What you have to do — Please give the whole listing again exactly, without any of its pictures.

Data —

»»

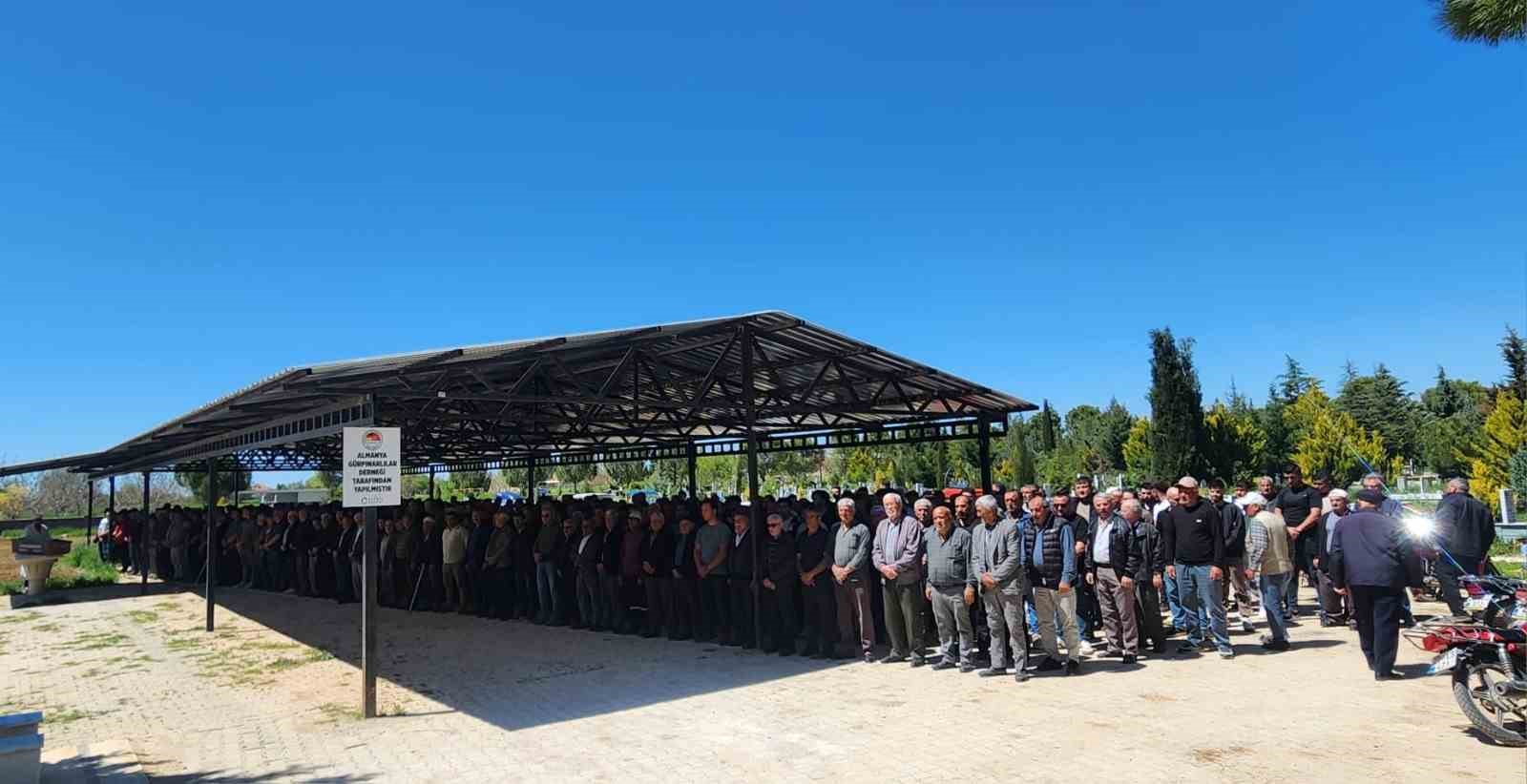 Kazada hayatını kaybeden genç son yolculuğuna uğurlandı
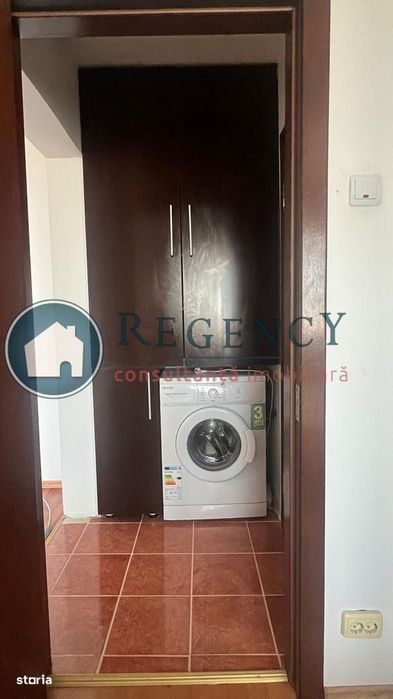 Vând apartament 2 camere, metrou Eroii Revolutiei - Piata Progresul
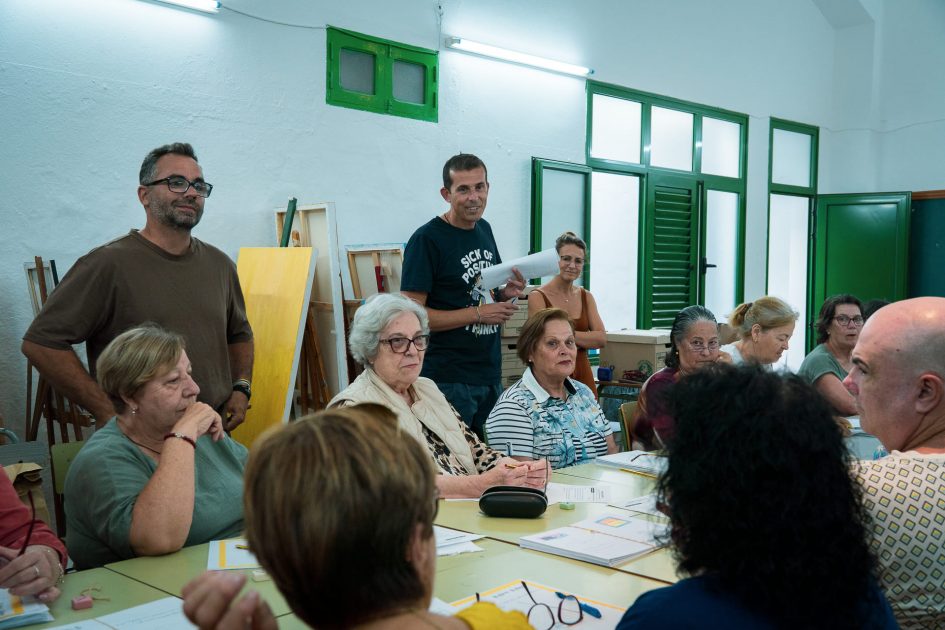 usuarias de la tercera edad participando en los talleres de voces que se encuentran arrecife 2026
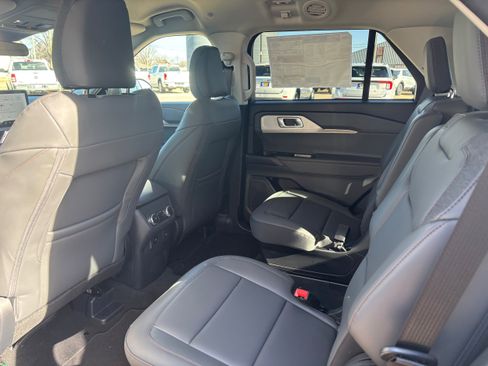 New 2026 Ford Explorer Active w/ Active Comfort Package image 12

««

Output for this task —
 Kazada hayatını kaybeden genç son yolculuğuna uğurlandı
 Vând apartament 2 camere, metrou Eroii Revolutiei - Piata Progresul
 usuarias de la tercera edad participando en los talleres de voces que se encuentran arrecife 2026
 New 2026 Ford Explorer Active w/ Active Comfort Package image 12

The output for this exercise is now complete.